La Commissione accoglieva il ricorso di entrambi i soci e la Commissione tributaria di secondo grado, adita dall’ufficio, confermava la decisione in relazione alla posizione del socio non comparso (R.U.), respingendo invece il ricorso per l’altro socio (Z.R.) che, comparendo all’udienza, avrebbe sanato il vizio di notifica.
Il socio comparso (Z.R.) impugnava quindi la decisione davanti alla CTC, che accoglieva il gravame, ritenendo che l’omessa notifica avesse in effetti determinato l’inesistenza (insanabile) dell’atto impositivo, in quanto tale da precludere un’adeguata difesa al fallito che, con la dichiarazione di fallimento, non perde in senso assoluto la propria capacità processuale.
Avverso tale decisione, proponeva ricorso per cassazione l’Agenzia, lamentando che il vizio di notifica non potesse dar luogo ad un’ipotesi di inesistenza, essendo la stessa “destinata esclusivamente a riverberarsi sulla possibilità di impugnare l’atto da parte del fallito anche fuori termine” nel solo caso di inerzia degli organi fallimentari.
Con la sentenza n. 5384/2016, la Corte di Cassazione ha accolto il ricorso.

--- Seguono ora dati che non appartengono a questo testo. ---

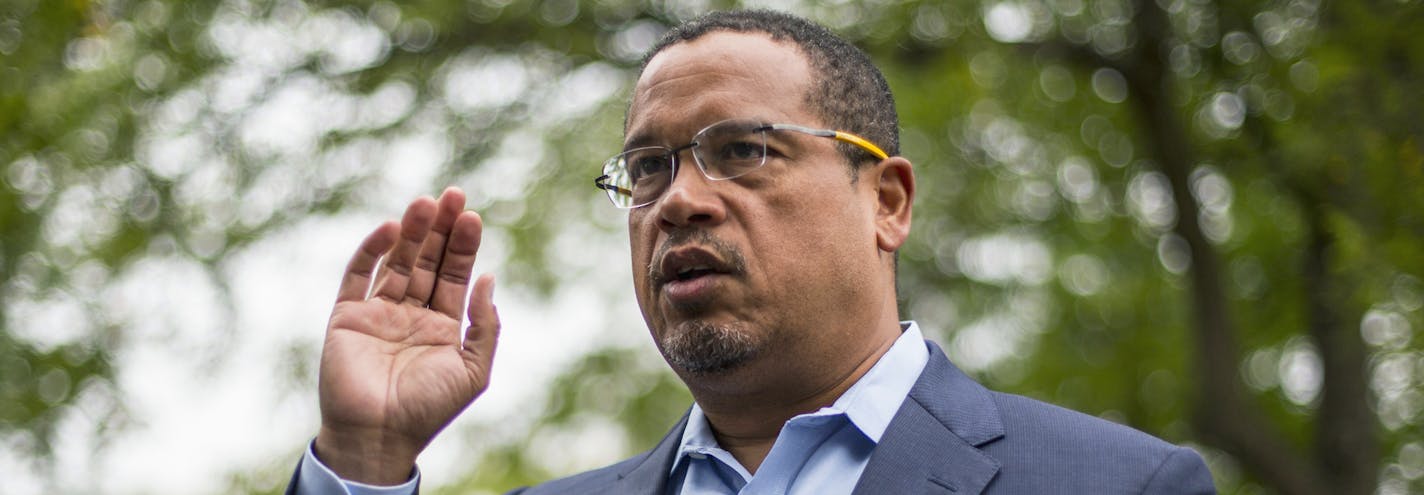 FILE - In this Aug. 17, 2017, file photo, U.S. Rep. Keith Ellison addresses campaign volunteers and supporters in Minneapolis. A lawyer investigating a claim by Ellison's ex-girlfriend, Karen Monahan that she was physically abused by Ellison in 2016 has concluded the allegation is unsubstantiated. The Associated Press on Monday, Oct. 1, 2018, obtained a draft of the report by Susan Ellingstad, an attorney hired by Minnesota's Democratic-Farmer-Labor Party to investigate the allegation. (Alex Kor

Con detta Pronuncia, che si inserisce in un consolidato orientamento giurisprudenziale (v., ad es., Cass. civ. nn. 9434/14 e 5671/06), la Suprema Corte ha avuto modo di ribadire che in caso di fallimento di una società di persone e di estensione del fallimento ai soci illimitatamente responsabili ex art. 147 L.F., l’avviso di accertamento inerente a crediti i cui presupposti si siano determinati prima della dichiarazione di fallimento del contribuente o nel periodo d’imposta in cui la dichiarazione è intervenuta, deve essere notificato sia al curatore che al contribuente. Restando esposto alle conseguenze (anche di carattere sanzionatorio) del provvedimento definitivo, il fallito è infatti eccezionalmente abilitato ad impugnare l’atto impositivo, non potendo attribuirsi carattere assoluto alla perdita processuale conseguente alla dichiarazione di fallimento, che può essere eccepita soltanto dal curatore.
Tuttavia, l’obbligo di notificazione al fallito è strumentale a consentire allo stesso l’esercizio in via condizionata del diritto di difesa, azionabile solo in caso di inerzia degli organi della procedura, e la sua violazione, restando la posizione del fallito comunque assorbita nel concorso concernente la società, non può determinarne la nullità né, tantomeno, l’inesistenza.
Ne deriva che in caso di impugnazione da parte del curatore della società anche in veste di curatore fallimentare del socio, il diritto sostanziale del fallito ad esercitare il proprio diritto di difesa è soddisfatto e l’atto impositivo, pur non notificato al socio personalmente, non può pertanto che ritenersi legittimo.